Publicada: 20 /03/19
Lo primero que siento con el 24 de marzo es que se conmemora una fecha que, en realidad, debería conmemorarse todos los días desde el golpe de Estado de 1976, o sea, desde hace 43 años. Tenemos la necesidad de reafirmar la lucha y el trabajo sobre ese pasado oscuro. Y más hoy, donde el gobierno de turno va a contrapelo de la Memoria, la Verdad y la Justicia. Dicha consigna debería tener una vigencia mayor.
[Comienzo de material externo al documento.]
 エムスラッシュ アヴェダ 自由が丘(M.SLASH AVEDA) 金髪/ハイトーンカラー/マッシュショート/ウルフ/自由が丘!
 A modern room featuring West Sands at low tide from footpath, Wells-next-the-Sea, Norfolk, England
No hay que claudicar los esfuerzos: es en estos tiempos difíciles para la lucha de los derechos humanos donde sabemos quiénes están de un lado y quiénes están del otro.
Hay que tener memoria para no repetir, y eso no significa que el poder vuelva a usar los mismos métodos que la dictadura cívico militar. Pero sí encontramos en el macrismo los ecos y las resonancias en torno al disciplinamiento social y al borramiento del otro. La memoria debería estar más activa que nunca, y ése es el desafío, porque cuando aparece la respuesta colectiva se alza una intensidad que produce efectos multiplicadores. Ya lo vivimos en la marcha por el 2 por 1.
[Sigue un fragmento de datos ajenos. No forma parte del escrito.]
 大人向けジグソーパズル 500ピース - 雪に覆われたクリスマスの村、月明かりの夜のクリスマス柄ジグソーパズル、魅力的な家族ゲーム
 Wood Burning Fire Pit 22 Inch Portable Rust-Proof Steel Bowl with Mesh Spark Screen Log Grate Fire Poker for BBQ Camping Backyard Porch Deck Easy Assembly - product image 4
Entonces, creo, de eso se trata la resistencia. Y así lo vivo personalmente después de dos años de pasar de lo privado a lo público, de haber ingresado en la vida pública, de aferrarme con mucha fuerza a lo colectivo después de tanta soledad.
Desde el momento donde mi testimonio se hizo público, esos procesos ya no son solamente íntimos: se articulan en lo cotidiano con protagonistas de la lucha colectiva, con aquellos y aquellas que una se encuentra en la calle y en los espacios políticos en común.
La irrupción de las voces de los hijas e hijos de genocidas, inesperada por la sociedad, ha tenido una recepción positiva. Es una voz colectiva inédita, y son esos actos de hijas e hijos, sobre todo mayormente de hijas, que son las que encabezan la lucha, los que se afirman en contraposición al horror.
Es un acto definitivamente ético, y lo que demostramos es que hemos ido más allá de un padre: implica un trabajo psíquico enorme, es desandar las coordenadas de una tradición, que es la tradición familiar, sostenida por mandatos de silencio. Eso es lo que desobedecemos. Y ése el gesto político.
La corporación patriarcal hace pactos. Los niños reciben mandatos. Entonces romper con ese silencio de tantos años implica poder pasar a otra cosa. Y por eso es que, mientras los distintos colectivos de hijos e hijas de genocidas se afirman en el tiempo, también siguen apareciendo cada vez más voces que repudian el accionar de sus padres represores.
La gran transformación es cuando uno toma conciencia que porta un apellido que no lo representa como ser humano. Etchecolatz no era un enfermo, era un tipo cruel que estuvo al servicio de una maquinaria del horror. Con un tipo así, o sos sumiso, o te enfrentás. Yo elegí enfrentarlo y cambiar mi apellido, desheredarme. Por eso me afirmo como ex hija de un genocida. Y es lo que ocurre cada vez más en otros hijos e hijas.
En definitiva, se trata de comprender cómo esos genocidas fueron parte de una maquinaria estatal que consolidó el exterminio del otro. Somos pura potencia. Ninguna tibieza. No hubiéramos logrado esto con tibieza, teníamos figuras demasiado potentes para confrontar. No más impunidad para esos seres que habitaron la crueldad, que quebraron un engranaje social. No permitamos que se borre la marca del horror, sigamos luchando por justicia, no dejemos que este gobierno arrase el tejido social con su máscara democrática.